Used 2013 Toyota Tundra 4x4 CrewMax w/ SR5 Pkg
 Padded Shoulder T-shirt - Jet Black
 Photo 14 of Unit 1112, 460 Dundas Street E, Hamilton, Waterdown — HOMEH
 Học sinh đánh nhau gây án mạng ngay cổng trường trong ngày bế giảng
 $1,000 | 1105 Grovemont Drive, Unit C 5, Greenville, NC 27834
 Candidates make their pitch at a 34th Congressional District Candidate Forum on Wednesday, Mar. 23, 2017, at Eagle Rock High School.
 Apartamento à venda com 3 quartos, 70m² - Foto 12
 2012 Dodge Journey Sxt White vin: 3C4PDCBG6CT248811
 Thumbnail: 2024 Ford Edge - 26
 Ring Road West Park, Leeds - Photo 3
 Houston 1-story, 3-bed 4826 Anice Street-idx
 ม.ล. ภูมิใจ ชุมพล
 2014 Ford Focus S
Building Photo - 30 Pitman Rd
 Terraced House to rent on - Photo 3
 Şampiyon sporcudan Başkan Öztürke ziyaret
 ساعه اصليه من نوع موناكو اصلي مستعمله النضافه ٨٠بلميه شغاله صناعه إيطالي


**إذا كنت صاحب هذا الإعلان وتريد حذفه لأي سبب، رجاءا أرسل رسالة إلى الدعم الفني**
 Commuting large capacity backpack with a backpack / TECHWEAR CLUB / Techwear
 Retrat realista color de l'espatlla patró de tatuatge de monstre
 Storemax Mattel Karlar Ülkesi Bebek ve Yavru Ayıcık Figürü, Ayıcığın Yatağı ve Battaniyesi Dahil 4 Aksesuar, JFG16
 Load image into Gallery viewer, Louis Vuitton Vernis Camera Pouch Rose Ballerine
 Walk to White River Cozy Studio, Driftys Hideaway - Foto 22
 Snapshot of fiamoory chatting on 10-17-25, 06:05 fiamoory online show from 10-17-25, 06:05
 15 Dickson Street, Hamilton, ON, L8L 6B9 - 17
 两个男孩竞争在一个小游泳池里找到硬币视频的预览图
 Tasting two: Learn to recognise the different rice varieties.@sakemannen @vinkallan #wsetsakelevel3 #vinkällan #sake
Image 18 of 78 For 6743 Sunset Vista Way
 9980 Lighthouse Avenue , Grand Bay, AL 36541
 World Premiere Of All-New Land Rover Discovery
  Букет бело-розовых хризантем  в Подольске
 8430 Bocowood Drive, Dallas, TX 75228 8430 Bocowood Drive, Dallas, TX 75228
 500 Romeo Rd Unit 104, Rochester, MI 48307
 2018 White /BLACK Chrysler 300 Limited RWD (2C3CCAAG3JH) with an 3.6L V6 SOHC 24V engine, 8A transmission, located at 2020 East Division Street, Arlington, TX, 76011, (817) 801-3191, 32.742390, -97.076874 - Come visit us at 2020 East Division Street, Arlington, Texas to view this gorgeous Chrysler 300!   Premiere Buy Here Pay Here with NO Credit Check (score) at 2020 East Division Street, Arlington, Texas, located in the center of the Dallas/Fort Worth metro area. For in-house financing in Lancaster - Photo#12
----
- **Assigned task**: Send back the whole listing above exactly, please.

- **Written response**:
Used 2013 Toyota Tundra 4x4 CrewMax w/ SR5 Pkg
 Padded Shoulder T-shirt - Jet Black
 Photo 14 of Unit 1112, 460 Dundas Street E, Hamilton, Waterdown — HOMEH
 Học sinh đánh nhau gây án mạng ngay cổng trường trong ngày bế giảng
 $1,000 | 1105 Grovemont Drive, Unit C 5, Greenville, NC 27834
 Candidates make their pitch at a 34th Congressional District Candidate Forum on Wednesday, Mar. 23, 2017, at Eagle Rock High School.
 Apartamento à venda com 3 quartos, 70m² - Foto 12
 2012 Dodge Journey Sxt White vin: 3C4PDCBG6CT248811
 Thumbnail: 2024 Ford Edge - 26
 Ring Road West Park, Leeds - Photo 3
 Houston 1-story, 3-bed 4826 Anice Street-idx
 ม.ล. ภูมิใจ ชุมพล
 2014 Ford Focus S
Building Photo - 30 Pitman Rd
 Terraced House to rent on - Photo 3
 Şampiyon sporcudan Başkan Öztürke ziyaret
 ساعه اصليه من نوع موناكو اصلي مستعمله النضافه ٨٠بلميه شغاله صناعه إيطالي


**إذا كنت صاحب هذا الإعلان وتريد حذفه لأي سبب، رجاءا أرسل رسالة إلى الدعم الفني**
 Commuting large capacity backpack with a backpack / TECHWEAR CLUB / Techwear
 Retrat realista color de l'espatlla patró de tatuatge de monstre
 Storemax Mattel Karlar Ülkesi Bebek ve Yavru Ayıcık Figürü, Ayıcığın Yatağı ve Battaniyesi Dahil 4 Aksesuar, JFG16
 Load image into Gallery viewer, Louis Vuitton Vernis Camera Pouch Rose Ballerine
 Walk to White River Cozy Studio, Driftys Hideaway - Foto 22
 Snapshot of fiamoory chatting on 10-17-25, 06:05 fiamoory online show from 10-17-25, 06:05
 15 Dickson Street, Hamilton, ON, L8L 6B9 - 17
 两个男孩竞争在一个小游泳池里找到硬币视频的预览图
 Tasting two: Learn to recognise the different rice varieties.@sakemannen @vinkallan #wsetsakelevel3 #vinkällan #sake
Image 18 of 78 For 6743 Sunset Vista Way
 9980 Lighthouse Avenue , Grand Bay, AL 36541
 World Premiere Of All-New Land Rover Discovery
  Букет бело-розовых хризантем  в Подольске
 8430 Bocowood Drive, Dallas, TX 75228 8430 Bocowood Drive, Dallas, TX 75228
 500 Romeo Rd Unit 104, Rochester, MI 48307
 2018 White /BLACK Chrysler 300 Limited RWD (2C3CCAAG3JH) with an 3.6L V6 SOHC 24V engine, 8A transmission, located at 2020 East Division Street, Arlington, TX, 76011, (817) 801-3191, 32.742390, -97.076874 - Come visit us at 2020 East Division Street, Arlington, Texas to view this gorgeous Chrysler 300!   Premiere Buy Here Pay Here with NO Credit Check (score) at 2020 East Division Street, Arlington, Texas, located in the center of the Dallas/Fort Worth metro area. For in-house financing in Lancaster - Photo#12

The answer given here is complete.